At the very least, surely government representatives should be happy when the wages come closer to the legal minimum wage -- that is, of course, if they are at all serious about implementing their own laws. Such a tendency to increasing wages should definitely be celebrated in a country in which poverty and undernutrition are so rampant especially among the rural labouring class. In addition, they should be happy because higher wages in the countryside also mean increased effective demand for rural goods and services, and contribute to reviving a very distressed rural economy through the multiplier effects of workers' spending out of wages.
But what is the actual evidence of such a tendency to rising wages in rural areas? The 64th Round of NSS allows us to compute the changes in wages of male and female casual workers. Chart 1 shows the pattern of rural wages (deflated by the CPIAL).
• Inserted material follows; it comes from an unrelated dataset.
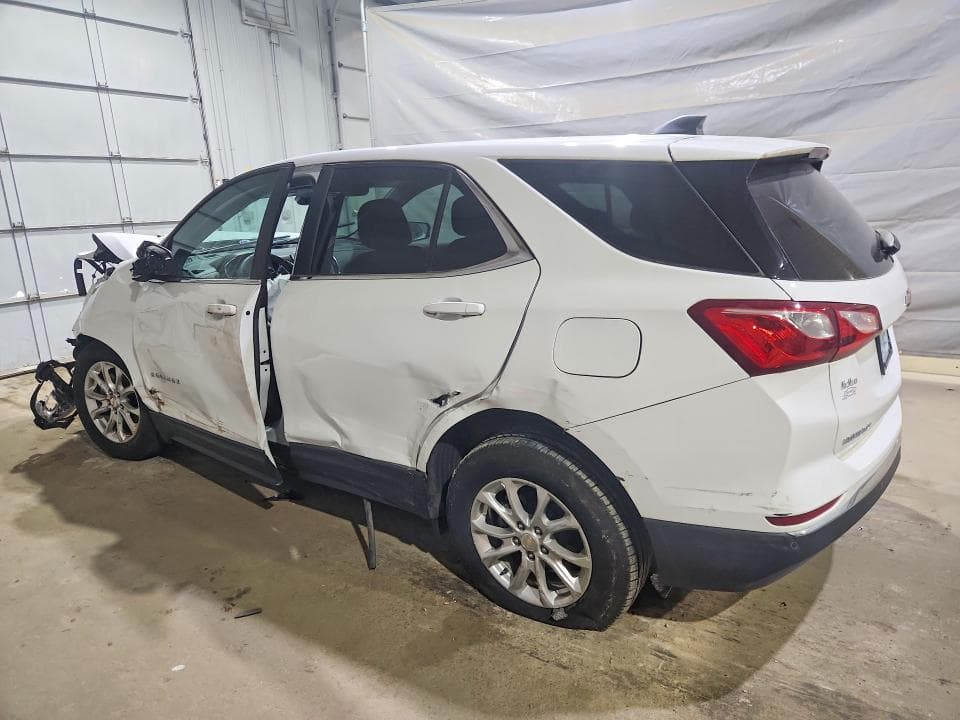 2021 CHEVROLET EQUINOX LT 2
It is clear that, for both male and female workers in rural areas, the MNREGS has made a difference in terms of increasing the wage rates for casual work. Real wages increased for both male and female workers, and indeed more rapidly for female workers. This was in marked contrast to the pattern in urban areas, where wages for casual work were more or less stagnant for female workers.
Incidentally, it is also worth noting that casual wages in agriculture did not increase in real terms according to this survey; rather they remained stagnant. It should be noted that the tendency of higher rural wages to push up costs of cultivation can be greatly overplayed, because wage payment typically accounts for less than half and usually around one-third of total agricultural costs. In any case, a public procurement system that takes into account all paid labour costs (as the CACP measures do) would adequately compensate for such costs, which would at most lead to only a marginal increase in prices.
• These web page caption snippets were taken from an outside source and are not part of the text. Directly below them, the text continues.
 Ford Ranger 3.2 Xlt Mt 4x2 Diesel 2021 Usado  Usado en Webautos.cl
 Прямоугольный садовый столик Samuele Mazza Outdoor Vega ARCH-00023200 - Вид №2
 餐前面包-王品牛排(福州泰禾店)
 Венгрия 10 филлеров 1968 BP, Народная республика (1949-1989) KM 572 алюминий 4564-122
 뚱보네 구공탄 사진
But to what extent can the increase in rural women's wages be ascribed to the effects of the MNREGS? Quite a bit, it turns out. It is well known that women's involvement in this scheme has been much greater than was mandated by the 30 per cent reservation of employment and also much greater than expected in many parts of the country. Chart 2 shows that, while involvement in public works accounted for a much greater proportion of economic activity in rural India, the increase was particularly sharp for rural women. Between 2004-05 and 2007-08, the days of employment of rural women in public works increased around 4.4 times, a remarkable shift in terms of involvement in paid work.
An important reason for that emerges from Chart 3: the MNREGS has been so successful in attracting women workers because there is hardly any gender gap in the wages paid, unlike almost all other forms of work in rural areas. In fact, the average wage received by women workers in MNREGS was slightly higher than the average wage received by men. This compares very favourably even with other form of public works, but particularly with non-public work, where the gender gap remains huge. Further, on average, wages received in MNREGS were significantly higher than those received by casual labour in other kinds of work.
A look at the trends in gender gaps in wages confirms this point. Chart 4 shows female wages as a percentage of male wages in both urban and rural parts of the country. India already had one of the highest gender gaps in wages in the developing world, and in urban India this gap worsened in the first half of the past decade and remained at around the same level thereafter. However, in rural India there has been a significant reduction in the gender gaps in the latest period, and this can be related very substantially to the impact of the MNREGS. This impact is both direct, in terms of the higher wages paid to women in this scheme; and indirect, in terms of the effects on women workers' reservation wages and bargaining power.
Surely, even the most diehard opponent of the scheme would find it hard to argue that this is a bad thing. Indeed, even if the MNREGS has been only marginally successful in raising male wage rates in the countryside, the effect of the scheme in raising female wages is already a major positive feature that should be applauded.
The gender-differentiated impact of the scheme on rural labour markets continues to be evident in terms of unemployment rates, shown in Chart 5. For male workers, there has been no impact on this feature: in fact, unemployment rates (by both Current Daily Status and Current Weekly Status indicators) have continued to rise. However, female open unemployment rates have shown decline, albeit relatively marginal falls from their previous highs.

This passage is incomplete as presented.